Descriptions of other planets always emphasize really bad weather – lightning striking through clouds of methane and sulfur, howling red hurricanes the size of Asia, sandstorms that can rip spaceships to shreds and leave Matt Damon stranded. But periodically we are reminded that home sweet Earth is a planet like any other, with its own ferocious atmospheric events.

In Storm, John Withington catalogues how storms have been worshiped as capricious, all-powerful gods in many world religions. He goes on to look at record-breaking storms of all types, their meteorological explanations, their economic impact, their legacy in literature and the visual arts.

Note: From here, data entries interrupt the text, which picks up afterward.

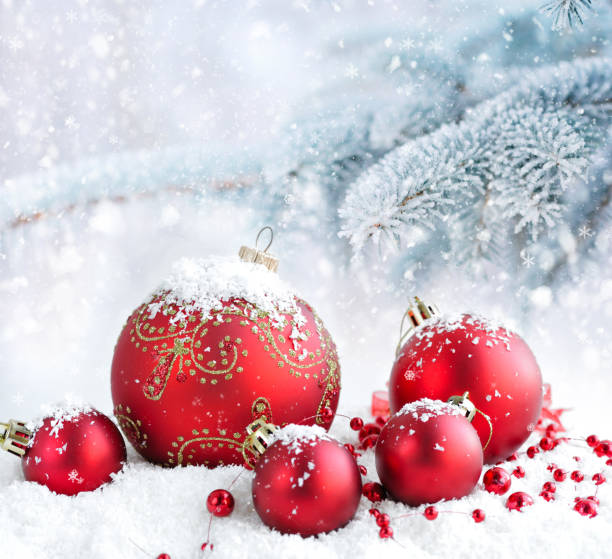 istock Christmas red balls on a background snow-covered fir branches 640352792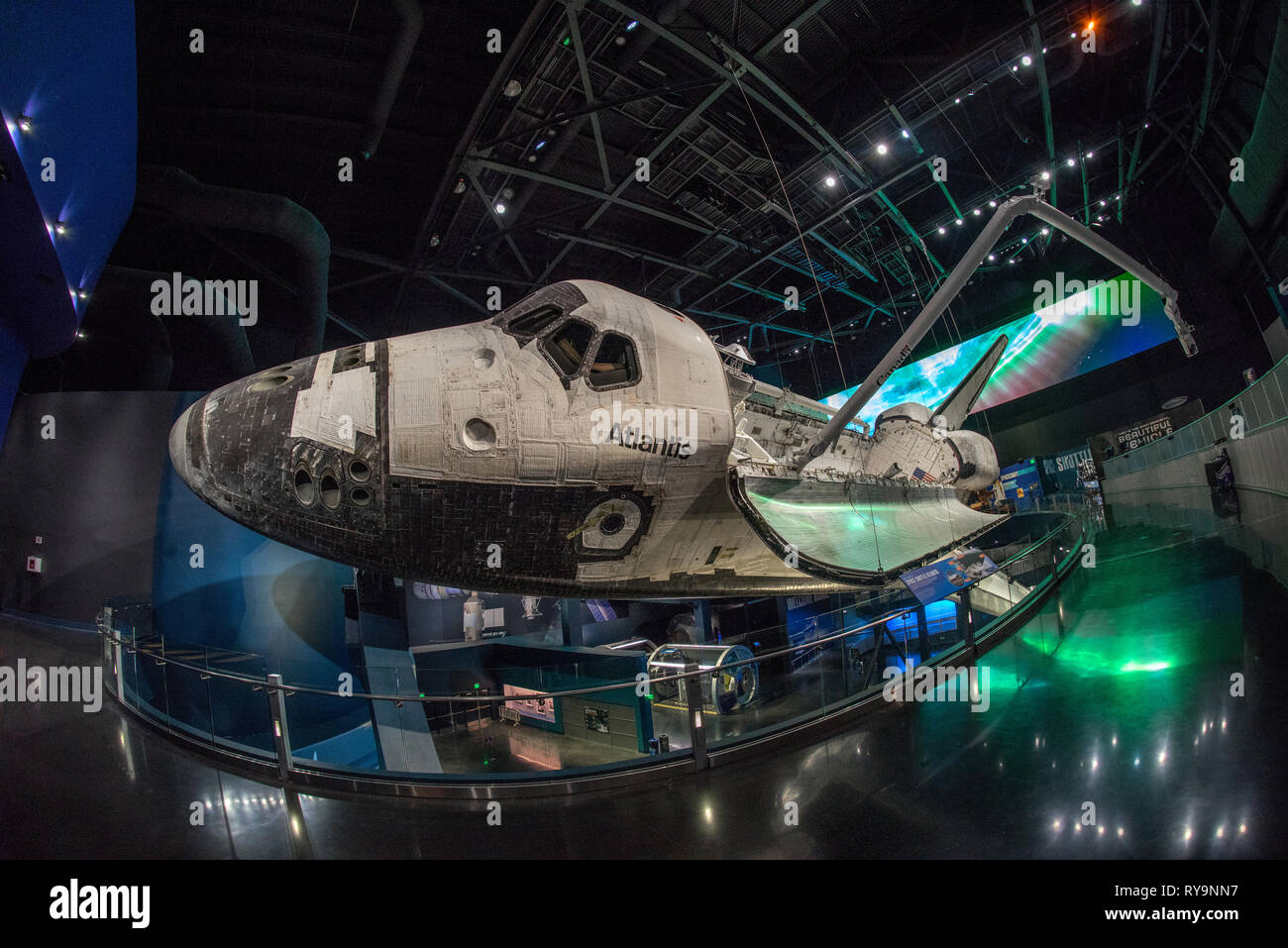 Space Shuttle Atlantis at NASA Kennedy Space Center, Florida Stock Photo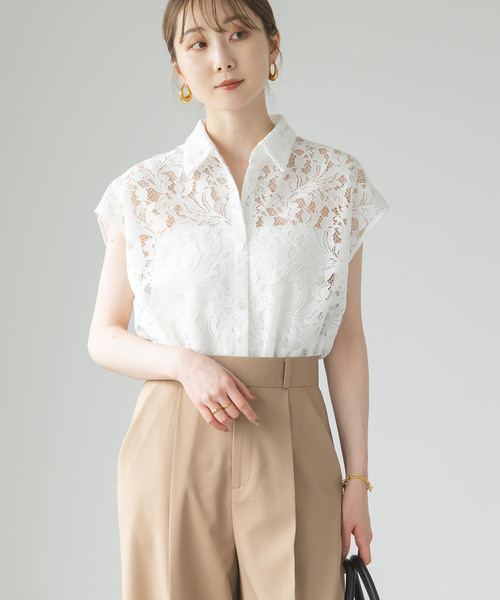 Noble（ノーブル）の「【洗える】ボタニカルレースフレンチ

Much of the book is frankly a catalogue, but it's a very interesting and wide-ranging catalogue.

So we learn that "the world record for thunderstorms was set by Bogor on the Indonesian island of Java, where there was an average of 322 each year between 1916 and 1919" (42). We learn about prodigious hailstones, up to a kilogram in weight, and about a thousand-year-ago hailstorm that killed a group of Himalayan pilgrims – a fate inferred from the wounds on their massed-together, preserved bodies (97). We learn of a Texas storm in 1940 that coated surfaces with 15 centimeters of ice; I can believe that.

Shakespeare features several storms, but one has to distinguish between those that are described and those that are enacted on stage. Withington starts his literary chapter with a quotation from Julius Caesar:

I have seen tempests, when the scolding winds
Have rived the knotty oaks, and I have seen
The ambitious ocean swell and rage and foam. (Act 1, Scene 3)
But Casca, the speaker, is just talking: Julius Caesar was performed outdoors at the Globe, and storm effects would have been unimpressive in daylight and the roar of the city and the crowd. Shakespeare's storm scenes come in his later plays, performed indoors at Blackfriars and able to make use of lighting and sound effects: King Lear, The Tempest. Storm scenes in movies could be even more realistic, of course, and had a peculiar run in the decade around the year 2000: Twister, The Perfect Storm, The Day After Tomorrow. After that, public anxiety about fictional storms seemed used up – or perhaps was diverted into all-too-real grief over Hurricane Katrina.

Robinson Crusoe and A High Wind in Jamaica figure here, and stories by Pushkin, Maupassant, and Kate Chopin. But I thought for some reason of a passing line in Charlotte Mew's poem "The Trees Are Down". The trees in Mew's poem are felled by people, not storms, but part of the loss that Mew feels is associated with the memory of how the majesty of a storm is measured by its effect on trees:

My heart has been struck with the hearts of the planes;
Half my life it has beat with these, in the sun, in the rains,
In the March wind, the May breeze,
In the great gales that came over to them across the roofs from the great seas.
We experience storms in the context of our own planet, by the power they have to move and smash the things that matter on our scale of existence.

Withington, John. Storm. London: Reaktion, 2016.